In 2011, Scott Langley* became the first alum from The First Tee® to earn a PGA Tour card. Since then, he’s shared his story with hundreds of kids in the golf-based youth development program. He’ll be among 156 golfers teeing it up May 2–8 in the 14th Wells Fargo Championship in Charlotte, North Carolina.
I started playing golf when I was 5 and started playing tournaments when I was 12. I was 16 years old when I joined the new First Tee chapter in St. Louis. The camaraderie I found with my peers and other junior golfers was tremendous.
The experience helped my golf by providing me with fun competition among kids my age. Perhaps in a more profound way, The First Tee shaped who I am by instilling in me core life values in a fun and golf-related way.
Looking back, I didn’t even realize I was learning important life values, but I most certainly was.
Growing up, my mom and dad, my brother, my swing instructor, my First Tee coaches, and my high school golf coach were my go-to team when it came to learning the game. Today, my go-to team is my family first, but also my caddy, trainer, swing coach, and manager.
Whenever I speak to other First Tee members, my message is that with hard work, dedication, and following the nine core values The First Tee emphasizes — honesty, integrity, sportsmanship, respect, confidence, responsibility, perseverance, courtesy, and judgment — it’s possible to achieve great things.

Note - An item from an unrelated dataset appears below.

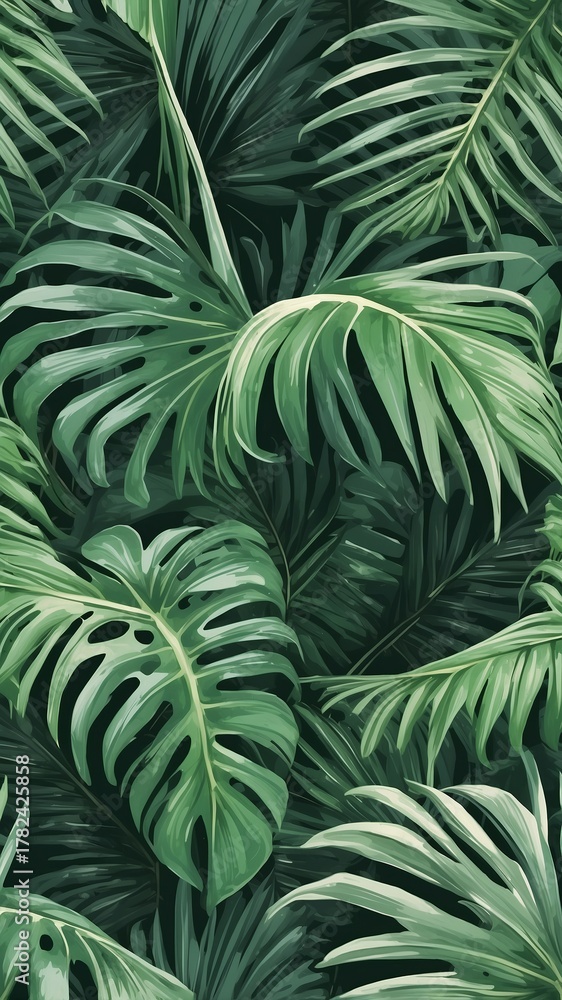 Fototapeta premium Watercolor illustration of palm leaves, tropical leaf illustration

I remind the kids that I was in their shoes not long ago, and that they could be in my shoes in a few years out here on tour. I also emphasize the importance of perspective: Don’t get discouraged if golf doesn’t lead you to the PGA or LPGA tours. The values they’re learning as a part of The First Tee will have a much more important impact on their lives than golf ever could on its own.
Looking back on my five-year PGA Tour career, I consider my third-place finish at the Valspar Championship in Tampa in 2014 the highlight of my career. It was a challenging week, on a difficult golf course in windy conditions. And on top of that, I had developed a sinus infection!
But I used a lot of perseverance to fight my way into contention, post a score of five under par overall, and wait for a potential playoff on Sunday. Even though I ended up not getting a shot at a playoff, to finish that well under the gun, when I was sick, capped off a memorable week.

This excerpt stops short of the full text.